Although the revolution was hijacked by the Islamist Muslim Brotherhood — which won the country’s first free elections since the military took power in 1952 — it were tech-savvy young Egyptians who wanted more from the future than the corrupt Mubarak government could offer them that started it.
Sisi knows he can contain the Muslim Brotherhood. As army chief, he overturned the elections, deposed its president, Mohamed Morsi, in 2013 and banned the group — again. (It was outlawed under Mubarak as well.) Probably thousands of its members were arrested and many remain in jail without ever having seen the inside of a courtroom. Sisi was elected president with strong popular support. If Egypt’s secret state can do one thing, clearly it is suppress an organization that made itself unpopular while in power anyway.

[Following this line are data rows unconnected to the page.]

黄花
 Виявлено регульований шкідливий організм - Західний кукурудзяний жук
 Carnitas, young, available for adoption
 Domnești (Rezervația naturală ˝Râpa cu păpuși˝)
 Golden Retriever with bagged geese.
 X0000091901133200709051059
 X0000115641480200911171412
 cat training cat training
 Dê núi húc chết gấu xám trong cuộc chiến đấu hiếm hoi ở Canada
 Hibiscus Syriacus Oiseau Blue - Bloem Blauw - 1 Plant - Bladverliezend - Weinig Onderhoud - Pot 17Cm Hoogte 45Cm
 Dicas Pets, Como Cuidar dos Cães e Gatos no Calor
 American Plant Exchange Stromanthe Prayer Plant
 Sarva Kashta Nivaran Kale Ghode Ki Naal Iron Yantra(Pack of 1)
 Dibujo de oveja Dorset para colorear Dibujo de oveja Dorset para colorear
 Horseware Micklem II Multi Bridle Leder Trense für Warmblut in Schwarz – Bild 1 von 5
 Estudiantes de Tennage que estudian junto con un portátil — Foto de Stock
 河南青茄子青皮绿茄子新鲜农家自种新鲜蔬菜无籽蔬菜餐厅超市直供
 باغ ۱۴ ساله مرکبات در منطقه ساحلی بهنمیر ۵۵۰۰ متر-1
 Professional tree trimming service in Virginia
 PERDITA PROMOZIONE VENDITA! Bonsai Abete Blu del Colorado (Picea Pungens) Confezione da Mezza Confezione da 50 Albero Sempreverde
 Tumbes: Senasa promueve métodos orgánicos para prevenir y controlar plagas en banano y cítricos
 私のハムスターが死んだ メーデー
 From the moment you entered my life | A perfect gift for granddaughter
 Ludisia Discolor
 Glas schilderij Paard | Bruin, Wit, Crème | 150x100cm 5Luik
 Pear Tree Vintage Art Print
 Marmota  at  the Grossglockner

The economically illiterate Islamists were even less capable than Mubarak at delivering high enough growth for what is the largest Arab nation. They raised wages for civil servants when the budget was already more than 10 percent in deficit and imposed capital and price controls that drove up inflation, forcing even more Egyptians to turn to the black market for affordable goods. Egypt’s trade deficit exploded while food and fuel supplies were running short
Sisi’s administration has been wiser. It reduced fuel subsidies, which took up a fifth of government spending, and raised electricity prices. It introduced a 10 percent tax on stock market gains and plans to roll out a sales tax later this year. The International Monetary Fund said in February the reforms were starting to produce a “turnaround.”
Billions of dollars in aid from Arab Gulf states have also helped. The monarchies rushed in with cheap loans after Sisi removed the Muslim Brotherhood from power, an organization they despise. Saudi Arabia and the United Arab Emirates need Egypt — which has the world’s twelfth largest army — as an ally and bulwark against the rising tide of political Islam in the Middle East. They promised another $12 billion in investments and deposits on Friday to prop up Sisi’s regime. It is a company from Dubai that would develop the new Egyptian capital.
However, higher employment and growth will only go so far to meeting the aspirations of Egypt’s youth. A shiny new city in the desert could be a symbol of what Egypt can be, or at least the sort of country they want it to be: clean, modern, “wired,” Western.
But it is a tough promise to keep in a country that also has a quarter of its population living in poverty, where, according to a 2013 United Nations study, virtually all women suffer sexual harassment at some point in their lives, where 74 percent of Muslims think sharia law should be implemented and only 2 percent have favorable opinions of Jews. A new capital might be a nicer place to live; it won’t necessarily be a better one.
Sisi may buy his regime time, giving young Egyptians “sustainable” jobs in a “global city” where they can finally start a family. But once they start thinking about the Egypt they want their children to grow up in, will they still be content with a repressive government run by generals and crony capitalists?
Sisi better design his new capital without a Tahrir Square of its own.